At this point I am tempted to cut a hole in the top of the Bolt and install a much larger fan blowing directly into the enclosure. The only missing piece of information is whether or not there really is an adverse effect (sound dropouts in my case) at higher temperatures. Not sure I want to intentionally elevate the ODT to confirm my anecdotal observation. But of course the hard drive can be expected to live longer at lower temps......

Paul


----------



## Mikeguy (Jul 28, 2005)

Personally, I would be way hesitant to cut into the case--I would give it more time to see if the issue recurs before going dynamite (but that's me).


----------



## pgoelz (May 1, 2005)

I'm not that reluctant to cut a hole in the case..... can't hurt anything other than resale and I'm not planning on selling it  

That said, I removed my foam baffles and just placed the Bolt on the pad over the intakes and the ODT dropped even further to 43C so I'd say this is a fairly permanent (and simple) solution. Might look for a USB powered cooling pad just for simplicity.... mine is older and uses a separate 120VAC brick. Might also be an interesting experiment to reverse one of the two cooling pad fans so the fan under the Bolt intake blows upwards. 

Paul


----------



## rusa8 (Jul 9, 2013)

pgoelz said:


> Tivo Bolt >> Yamaha AV receiver >> Samsung TV, all connected via HDMI. Comcast cable (metro Detroit) with cable card.
> 
> On cable channels I am seeing very sporadic and infrequent audio dropouts, sometimes accompanied by mild video pixelation a second or two afterwards. If I rewind and play the segment again, the dropout and pixelation occur at the same place. In past events I did not notice if there was any reaction in the Yamaha display when the audio dropped out. However, in the most recent event, the Dolby and speaker icons blanked during the event.
> 
> ...


I have the same issue with a Tivo Priemiere, a Comcast cable card, an LG TV with LG sound system.


----------



## pgoelz (May 1, 2005)

Since I last posted we have cut the cord and tossed Comcast Cable. We now stream to / from an LG OLED TV and have no dropouts. However, I have found that very occasionally the ARC to the Yamaha amplifier does not connect. Sometimes the Cinema decode annunciator flashes randomly and the connects. And I have also observed that if I walk across the carpet and touch the TV, the audio drops out momentarily. All this seems to indicate that digital audio is fairly fragile and easily confused. 

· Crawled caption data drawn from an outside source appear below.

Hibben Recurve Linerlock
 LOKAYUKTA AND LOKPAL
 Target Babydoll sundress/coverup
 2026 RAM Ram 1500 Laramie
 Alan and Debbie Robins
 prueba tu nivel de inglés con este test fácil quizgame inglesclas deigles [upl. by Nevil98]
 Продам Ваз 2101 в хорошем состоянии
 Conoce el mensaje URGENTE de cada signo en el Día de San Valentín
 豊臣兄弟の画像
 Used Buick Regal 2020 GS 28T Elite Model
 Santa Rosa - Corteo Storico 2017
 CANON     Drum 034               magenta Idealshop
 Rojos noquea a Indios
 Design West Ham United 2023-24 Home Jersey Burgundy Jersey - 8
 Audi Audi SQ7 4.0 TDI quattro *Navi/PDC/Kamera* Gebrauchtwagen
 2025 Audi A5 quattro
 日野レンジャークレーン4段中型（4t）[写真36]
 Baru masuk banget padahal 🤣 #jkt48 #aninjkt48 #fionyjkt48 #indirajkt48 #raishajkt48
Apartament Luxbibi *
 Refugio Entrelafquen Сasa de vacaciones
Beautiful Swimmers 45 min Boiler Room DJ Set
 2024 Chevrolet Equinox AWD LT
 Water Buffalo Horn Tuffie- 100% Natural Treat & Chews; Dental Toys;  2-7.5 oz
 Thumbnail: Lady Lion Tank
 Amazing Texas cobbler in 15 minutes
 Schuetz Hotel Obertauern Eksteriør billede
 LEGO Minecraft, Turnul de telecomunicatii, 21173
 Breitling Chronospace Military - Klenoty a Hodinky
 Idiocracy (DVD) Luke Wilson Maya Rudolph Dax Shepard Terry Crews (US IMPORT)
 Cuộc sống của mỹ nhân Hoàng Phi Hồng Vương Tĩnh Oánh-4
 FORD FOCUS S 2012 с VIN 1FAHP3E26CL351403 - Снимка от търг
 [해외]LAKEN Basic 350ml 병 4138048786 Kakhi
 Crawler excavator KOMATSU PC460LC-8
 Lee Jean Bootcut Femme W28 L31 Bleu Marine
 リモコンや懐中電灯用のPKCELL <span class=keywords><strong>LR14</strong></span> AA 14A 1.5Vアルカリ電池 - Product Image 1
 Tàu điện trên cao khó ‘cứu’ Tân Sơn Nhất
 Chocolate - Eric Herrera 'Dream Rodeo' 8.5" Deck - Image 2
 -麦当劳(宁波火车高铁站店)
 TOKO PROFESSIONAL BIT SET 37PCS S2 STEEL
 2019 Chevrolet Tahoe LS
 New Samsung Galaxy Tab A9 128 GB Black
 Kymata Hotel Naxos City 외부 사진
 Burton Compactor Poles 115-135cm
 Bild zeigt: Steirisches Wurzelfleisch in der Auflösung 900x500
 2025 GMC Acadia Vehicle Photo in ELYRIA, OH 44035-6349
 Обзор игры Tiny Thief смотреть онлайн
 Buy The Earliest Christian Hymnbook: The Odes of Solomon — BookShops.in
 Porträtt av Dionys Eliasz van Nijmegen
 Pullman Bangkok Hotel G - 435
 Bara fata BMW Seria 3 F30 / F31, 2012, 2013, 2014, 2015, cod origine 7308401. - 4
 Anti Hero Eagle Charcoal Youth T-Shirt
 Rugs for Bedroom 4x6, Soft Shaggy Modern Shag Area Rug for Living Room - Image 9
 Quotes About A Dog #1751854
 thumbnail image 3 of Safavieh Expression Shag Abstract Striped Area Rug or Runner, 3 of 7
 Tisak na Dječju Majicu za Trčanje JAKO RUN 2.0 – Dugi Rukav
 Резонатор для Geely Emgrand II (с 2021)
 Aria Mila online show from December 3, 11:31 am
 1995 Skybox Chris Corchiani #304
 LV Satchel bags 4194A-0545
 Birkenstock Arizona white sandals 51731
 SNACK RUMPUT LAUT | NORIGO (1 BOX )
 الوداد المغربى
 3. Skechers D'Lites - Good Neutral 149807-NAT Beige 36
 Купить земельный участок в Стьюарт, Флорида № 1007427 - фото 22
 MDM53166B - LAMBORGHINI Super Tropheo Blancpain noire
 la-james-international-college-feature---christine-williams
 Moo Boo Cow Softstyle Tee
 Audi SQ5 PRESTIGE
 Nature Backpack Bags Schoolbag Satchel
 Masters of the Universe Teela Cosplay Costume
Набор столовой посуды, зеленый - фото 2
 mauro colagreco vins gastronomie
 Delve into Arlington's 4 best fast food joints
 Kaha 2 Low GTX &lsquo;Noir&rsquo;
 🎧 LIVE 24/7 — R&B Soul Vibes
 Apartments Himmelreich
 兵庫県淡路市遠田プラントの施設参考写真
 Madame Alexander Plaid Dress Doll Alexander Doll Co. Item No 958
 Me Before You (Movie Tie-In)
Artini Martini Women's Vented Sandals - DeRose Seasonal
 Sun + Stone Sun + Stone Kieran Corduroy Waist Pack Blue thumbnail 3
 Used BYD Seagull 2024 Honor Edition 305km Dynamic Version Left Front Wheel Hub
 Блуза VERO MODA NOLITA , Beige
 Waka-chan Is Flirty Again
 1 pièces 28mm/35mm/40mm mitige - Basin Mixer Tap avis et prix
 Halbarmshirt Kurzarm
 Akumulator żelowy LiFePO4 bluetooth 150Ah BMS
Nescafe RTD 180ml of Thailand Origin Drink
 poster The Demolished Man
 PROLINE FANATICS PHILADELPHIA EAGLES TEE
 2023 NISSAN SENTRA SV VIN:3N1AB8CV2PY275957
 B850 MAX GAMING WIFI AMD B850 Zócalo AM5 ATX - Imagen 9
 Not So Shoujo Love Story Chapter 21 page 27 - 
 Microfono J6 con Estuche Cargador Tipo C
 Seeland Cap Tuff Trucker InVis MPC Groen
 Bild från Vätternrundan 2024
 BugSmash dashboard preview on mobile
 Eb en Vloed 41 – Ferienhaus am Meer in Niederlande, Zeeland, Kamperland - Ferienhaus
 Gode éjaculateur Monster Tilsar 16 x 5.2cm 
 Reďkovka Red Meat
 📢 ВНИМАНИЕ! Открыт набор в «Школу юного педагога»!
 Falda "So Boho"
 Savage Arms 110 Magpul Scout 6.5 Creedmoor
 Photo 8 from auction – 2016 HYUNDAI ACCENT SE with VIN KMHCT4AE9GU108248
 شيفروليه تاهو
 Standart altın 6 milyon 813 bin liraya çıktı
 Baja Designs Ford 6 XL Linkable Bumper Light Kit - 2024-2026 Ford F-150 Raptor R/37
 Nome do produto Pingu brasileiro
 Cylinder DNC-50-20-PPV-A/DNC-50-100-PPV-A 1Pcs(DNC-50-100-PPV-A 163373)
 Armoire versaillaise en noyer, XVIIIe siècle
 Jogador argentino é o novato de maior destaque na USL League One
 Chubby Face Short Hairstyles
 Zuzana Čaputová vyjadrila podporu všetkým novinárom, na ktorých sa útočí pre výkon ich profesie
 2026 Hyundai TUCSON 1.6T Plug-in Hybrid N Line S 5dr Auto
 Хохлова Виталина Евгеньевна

Sorry none of that addresses the dropout issue directly, though.

Paul


----------



## riponhd825 (Sep 26, 2009)

Just thouight I would revive this post. We are experiencing many of the same issues described here: intermittent audio cutouts with occasional video pixelation We have charter/spectrum internet/tv, a tivo bolt and a yamaha reciever that feeds the video to the samsung tv. 

Problem is VERY intermitent. Some nights, a show will be unwatchable. I found that switching to the non-HD version of a channel helps, a lot. But, that is a lousy picture. 

The problem is definitely related to the tivo bolt and it's connecton to a yamaha receiver. I have a firestick plugged into a different hdmi port in the receiver and it NEVER has this problem. It is only related to our cable/tivo. 

Trying to decide is it the internet connection? Tuning adapter? Cable card? Bolt machine? Hdmi connection to the stereo? 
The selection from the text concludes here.